Multiple Arduino Interrupts on same pin

Question

In the following code, why does ISR2 never run?

const int in = 19;
const int LED = 9;
int flag;
void setup() {
    pinMode(in, INPUT_PULLUP);
    pinMode(LED, OUTPUT);
    attachInterrupt(digitalPinToInterrupt(in), ISR2, RISING);
    attachInterrupt(digitalPinToInterrupt(in), ISR1, FALLING);

}
void  loop() {
    if (flag) {delay (100); flag = false;}// debounce
}
void ISR1(){
    digitalWrite(LED, LOW);
    // Turn Off the motor, since, Limit Switch was engaged
    flag = true;
}
void ISR2(){ // Limit Switch was disengaged. 
    digitalWrite(LED, HIGH);
    delay(100); // Debounce, so I do not receive spurious FALLING edges from this.
}

Does the Arduino not allow you to attach two interrupts on the same pin even if the interrupts are programmed for different events?

In my setup, pin 19 gets a signal from a limit switch used in a motion control setup. When the limit switch is engaged, the in pin gets LOW signal. Thus, I first see a FALLING edge followed by RISING edges and FALLING edges due to mechanical bounce. I handle the debouncing correctly in this case.

However, imagine the Limit Switch was sitting in engaged state for a while, and then I reverse the motor causing the Limit Switch to disengage, this will send a RISING edge followed by FALLING and RISING edges. I need to ignore these edges since nothing is in danger. The ISR2 was written with purpose of capturing the first RISING edge when the Limit switch disengages, and then debouncing it so that the following FALLING edges are ignored. But now that ISR2 never gets called, how can I deal with this situation?

P.S. My microcontroller is ATMEGA 2650, It's a Arduino Mega board.

Answer 1

ISR2 never runs because there can be only one interrupt service routine for any interrupt source and you have replaced ISR2 with ISR1 as the sercice routine for this interrupt. If you reordered your code and attached ISR1 before ISR2 then you might see ISR2 run but not ISR1.
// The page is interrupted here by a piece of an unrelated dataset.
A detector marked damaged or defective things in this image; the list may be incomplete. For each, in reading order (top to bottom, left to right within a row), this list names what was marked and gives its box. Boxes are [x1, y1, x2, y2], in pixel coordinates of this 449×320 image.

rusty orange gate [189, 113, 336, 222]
A typical microcontroller has an interrupt vector table that associates an interrupt service routine with each interrupt source. There can be only one service routine for each interrupt source. If you assign an new service routine then you're replacing the old service routine. There are not separate service routines for the rising and falling edges. Rising versus falling edge is a configuration setting for the interrupt source to determine when that interrupt should fire. The interrupt source cannot be configured to fire on both edges simultaneously.

However you may be able to reconfigure the interrupt for the other edge after you have received the interrupt for the first edge and debounced the transition. This way your code will ping-pong back and forth configuring for one ISR and then the other.

Answer 2

Why are you saying that it never gets called? I think that it is called, but you don't notice it because the led does not change its state (because there are bounces).

Anyway, you are NOT debouncing it correctly. Let's do an example: you hit the endstop. ISR1 gets called, so flag is true. Ok, at next loop the motor will be stopped. But... Now the switch bounces. ISR2 gets called, and the delay function in it waits for 100ms before exiting the ISR. Result: you delayed the motor stop function by 100ms.

I suggest you to read my answer here, particularly the second case. And I suggest you to use my code instead of yours, since this way you will be able to IMMEDIATELY stop the motor, without bounces nor any other kind of problems.